As a concluding caveat, i haven’t dug far enough into the ggplot2 source code to know exactly how the expressions fed to after_stat() are evaluated. In principle, if a stat returns the data frame ret, then after_stat(<expression>) is evaluated like with(ret, <expression>). In particular, objects in the global environment are recognized:

z <- 3
ggplot(mpg, aes(displ, hwy)) + 
  geom_point() + 
  stat_lm(geom = "ribbon", alpha = .2,
          aes(ymin = after_stat(y - z * yse), ymax = after_stat(y + z * yse))) +
  stat_lm()

Finally, to document new computed variables, the natural thing to do is mimic the documentation of those in the main package—for example, help(stat_count). Here is some minimal documentation for the standard error variable:

#' @section Computed variables:
#' \describe{
#'   \item{yse}{standard error of predicted means}
#' }

In a pinch, the computed variables may be gleaned from the source code for the relevant compute method of the stat—if the internals are concise and tidy enough.

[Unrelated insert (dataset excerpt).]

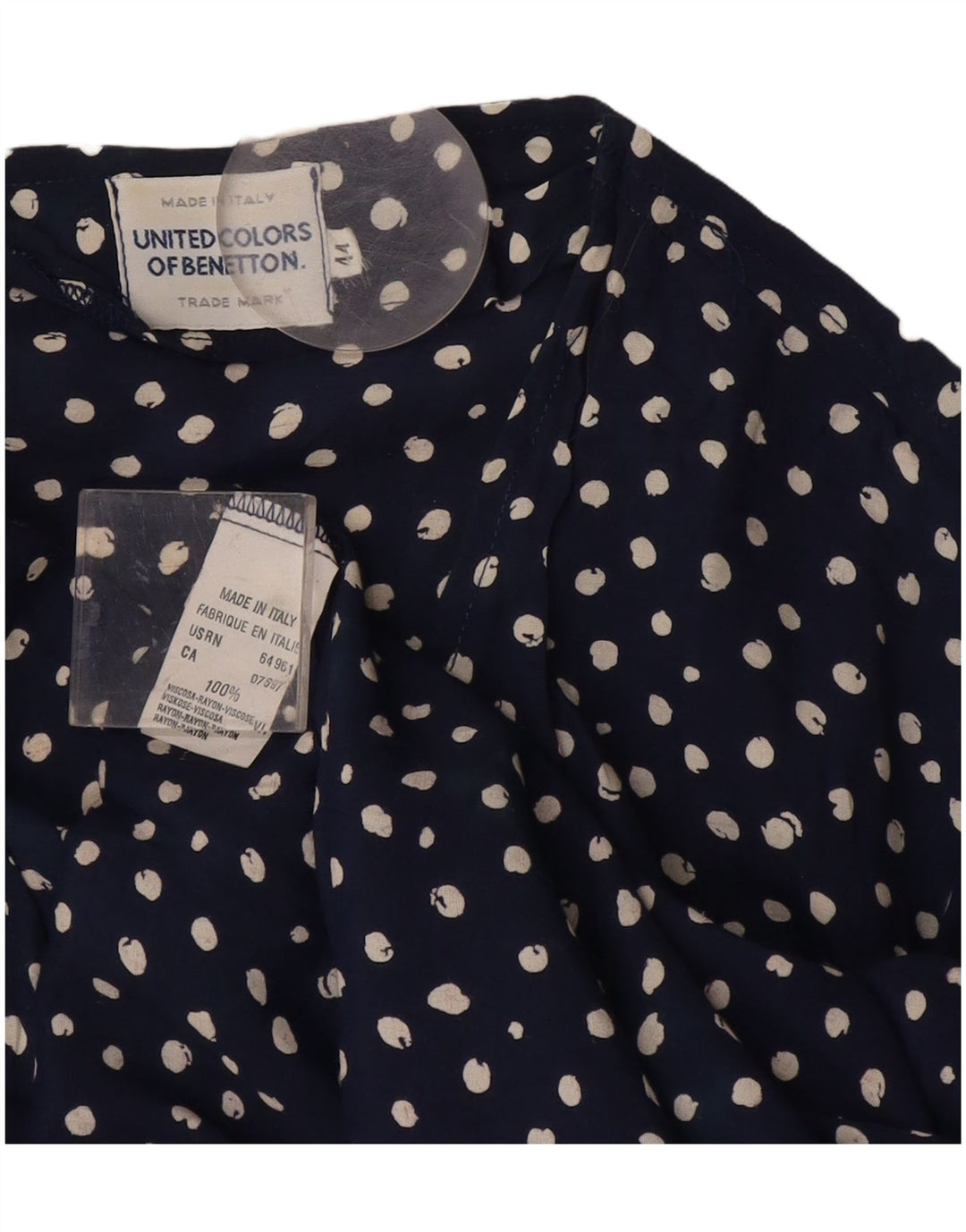 Женская туника оверсайз Benetton Top IT 44 Medium Navy Blue Spotted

Since the count stat performs group-wise tallies, the method to inspect is StatCount$compute_group():

print(StatCount$compute_group)

## <ggproto method>
##   <Wrapper function>
##     function (...) 
## f(..., self = self)
## 
##   <Inner function (f)>
##     function (self, data, scales, width = NULL, flipped_aes = FALSE) 
## {
##     data <- flip_data(data, flipped_aes)
##     x <- data$x
##     weight <- data$weight %||% rep(1, length(x))
##     width <- width %||% (resolution(x) * 0.9)
##     count <- as.numeric(tapply(weight, x, sum, na.rm = TRUE))
##     count[is.na(count)] <- 0
##     bars <- new_data_frame(list(count = count, prop = count/sum(abs(count)), 
##         x = sort(unique(x)), width = width, flipped_aes = flipped_aes), 
##         n = length(count))
##     flip_data(bars, flipped_aes)
## }

Indeed, count is not the only variable computed by the stat. The code is specialized, but it’s clear that some additional variables—prop, x, and width—are computed as well. The last two are meant for the paired geom; they could be invoked using after_stat(), but this is not their intended role, and they are not documented among the computed stats. The documentation serves dual purposes: enable intended use, and avert unintended use.

conclusion

To sum up the topic for ggplot2 extension developers:

A computed variable is just a column of the data frame returned by Stat*$compute_*().
Any expression involving such computed variables can be passed as a calculated aesthetic via aes(<aes> = after_stat(<expr>)).
Users should be able to learn about computed variables in a specific Computed variables section of the documentation for such a stat.

Note that the yse are not standard errors for the estimates; hence, the confidence bands do not represent expected prediction errors. This confusion seems to inflame tempers, if top search results are any indication.↩